Who would have ever thought that today, in the age of digital payments and high tech, that 52 percent of all businesses still use paper checks to pay their suppliers, until businesses found that moving to digital was too much work and created too much uncertainty over the ROI.

Who would have ever thought the physical store that was once critical to how consumers bought things would be less relevant, until consumers started using mobile devices, Amazon and, now, voice-activated assistants for a better and more convenient experience.

Finally, Take Nothing for Granted

Ten years is a long time – but, in many ways, it is no time at all.

Just ask BlackBerry. Soon after it launched in 1999, it became the king of personal digital assistants – and once it had voice, it became king of the smartphones. It took a decade to hit its peak: In 2010, by its own reporting, BlackBerry was used by roughly 37 percent of the smartphone population. Just three years later, its market share was sub-2 percent.

It was the iPhone that turned “crackberry” addicts into iPhone lovers.

Over the last decade that the iPhone has been in existence, more than a billion units have been sold, and Apple was the first company to achieve a trillion-dollar market cap. Apple, with its iPhone, appeared unstoppable.

The last four years, however, has seen cracks in that armor for anyone who has been looking, along with longtime PYMNTS readers. Over that time, there was a lot of smoke and mirrors from Apple’s CEO about how awesome things were, with a refusal to offer much specific data beyond how many iPhones were sold.

Until that didn’t start to sound so awesome.

Last year, Apple decided that it would no longer report the number of units sold. Its last earnings report offered even more vagaries about Services revenue, even as Services was touted as the driver of future company revenue.

Then, just last week, Tim Cook revised guidance in advance of upcoming earnings about iPhone sales, citing the U.S.-China trade wars as a driving factor. The stock took a huge hit, with its market cap dipping below $700 million on the news.

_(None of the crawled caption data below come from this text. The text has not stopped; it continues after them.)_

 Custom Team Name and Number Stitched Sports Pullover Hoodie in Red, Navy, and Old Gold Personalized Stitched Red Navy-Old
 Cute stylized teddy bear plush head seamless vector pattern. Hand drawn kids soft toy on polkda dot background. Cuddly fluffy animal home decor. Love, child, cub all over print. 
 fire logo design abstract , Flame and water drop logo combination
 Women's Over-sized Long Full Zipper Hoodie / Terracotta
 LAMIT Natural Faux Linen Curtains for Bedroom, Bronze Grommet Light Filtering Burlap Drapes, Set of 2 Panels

But the trade war isn’t to blame. iPhone sales have suffered in China for a long time, as Chinese consumers buy high-end handsets that are cheaper but have just as much functionality, as well as a rich Android apps ecosystem.

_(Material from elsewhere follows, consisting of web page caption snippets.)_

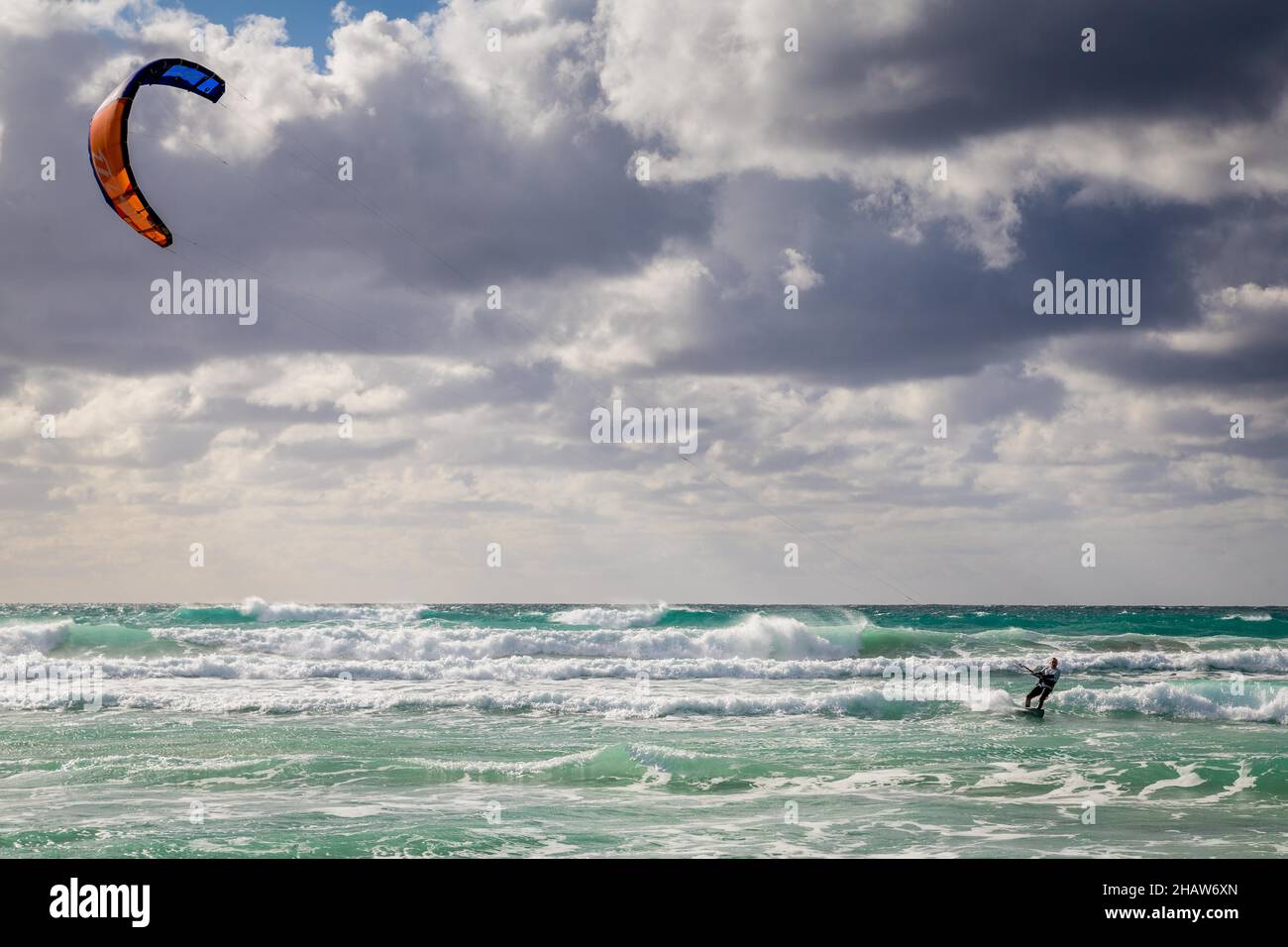 Kite surfers off the coast of Majorca, Es Trenc, Majorca, Spain Stock Photo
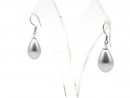 Ear pendants - shell pearl, drops, grey, 10x16 mm /8592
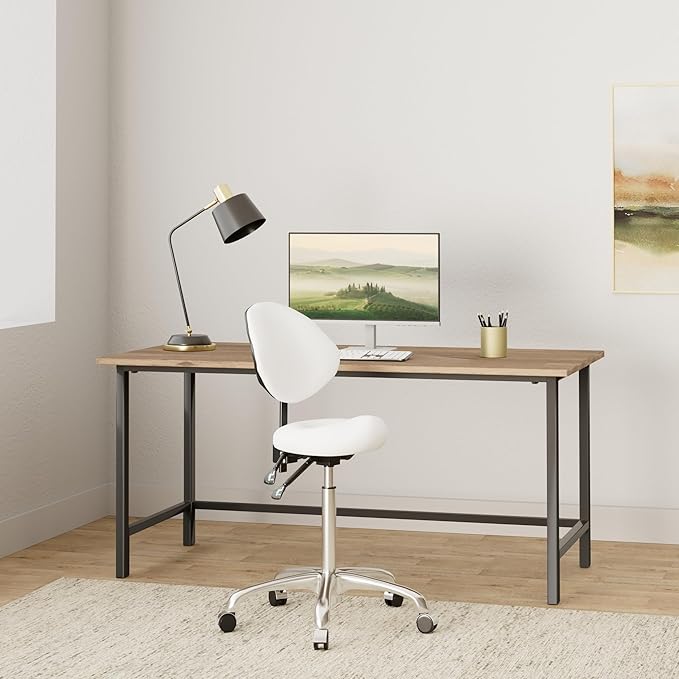Kaleurrier Ergonomic Rolling Swivel Saddle Stool with Wheels - Hydraulic Lifting Height Adjustable Saddle Chair for Clinic Hair Salon Lab Kitchen Office Drafting Chairs (White, with Back)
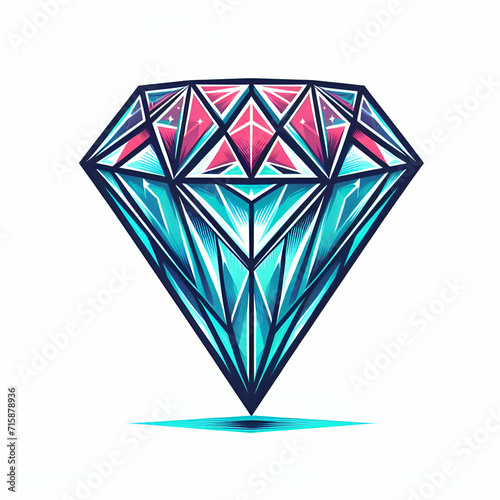 Diamond vector illustration isolated on white background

This comes while big players in Apple’s app ecosystem are pushing new users to sign up for their services outside of the App Store. Both Netflix and Spotify have been testing signups outside of the App Store since August. Netflix made the announcement in late December that all new users would be directed to sign up on the Netflix website. Analysts say the Netflix move will cost Apple some $257 million in revenue. I think the more important point is that Netflix just poured cold water on any of Apple’s plans to try to impose fees on more apps or increase its fees on existing ones.

Now, it appears that in a world in which mobile plus payments gives way to ambient commerce, Apple – and its blockbuster iPhone – is at risk of losing ground. That’s despite being first to market with a voice assistant called Siri and a mobile payments platform called Apple Pay, both of which have failed to cross the commerce chasm in any meaningful way.

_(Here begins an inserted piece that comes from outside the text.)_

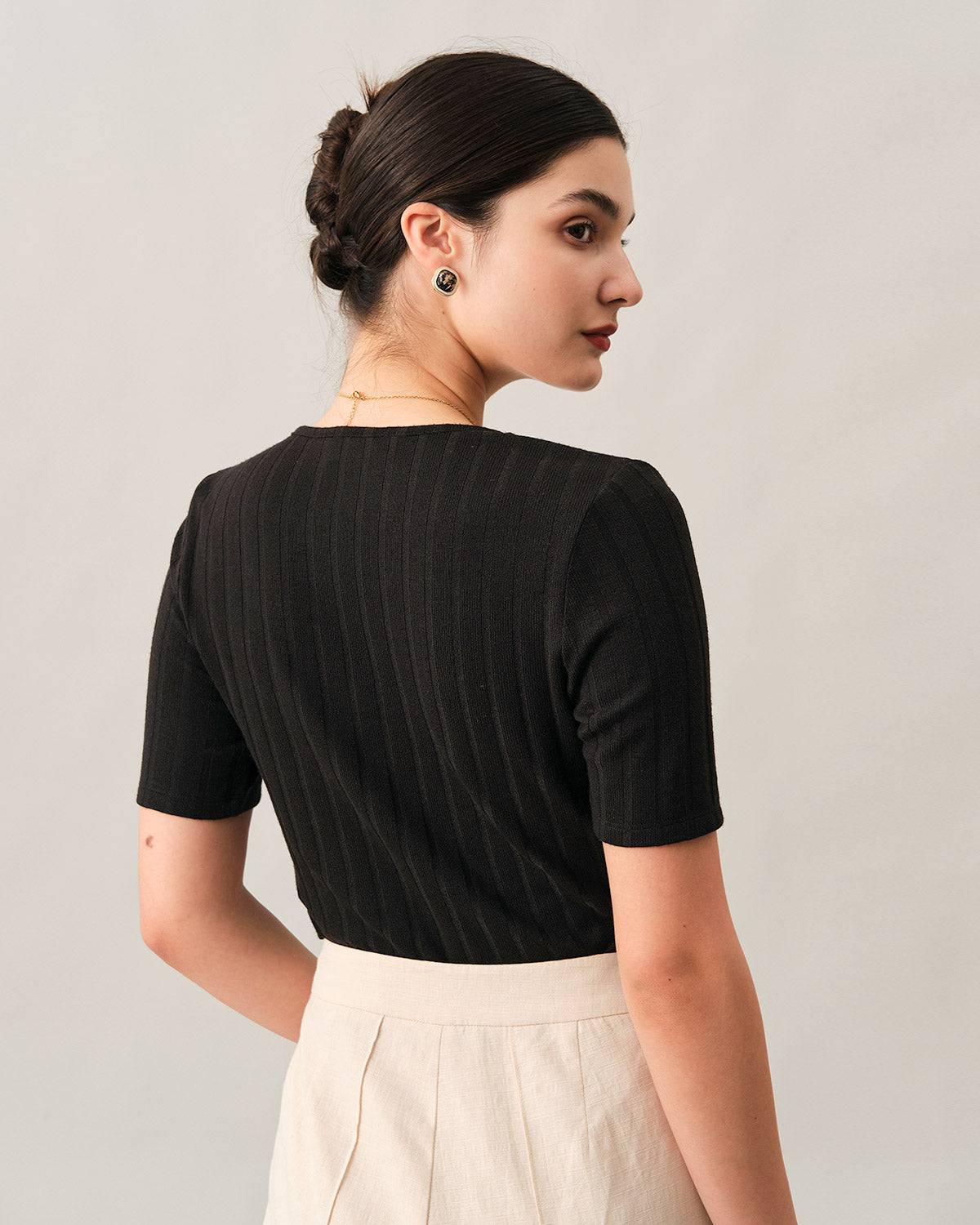 Isla | Slim Fit Ribbed Lace Trim Festival Tee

You could make the same case for Facebook, which rose to dominance after Myspace imploded, caused by — how ‘bout that for déjà vu all over again — a lack of governance to keep bad actors off its platform. It took eight years for Myspace to go from king of the social network to social network albatross, which then-owner Rupert Murdoch unloaded for $35 million in 2011.

As Facebook goes into its 15th year, one must wonder whether, over the next decade, the cornerstone of its social network empire will face its own unraveling, brought upon by its inability to do exactly what it said it would do when it was founded in 2004: serve as a safe and trusted place for the world to connect.

So, as you prepare for the journey that is 2019 – perhaps one of the most important journeys of the entire next decade – perhaps taking nothing for granted will be the most important takeaway over the next 358 days.

The CEO of Intel was once quoted as saying “today is so yesterday.” Before you know it, today will be the last decade.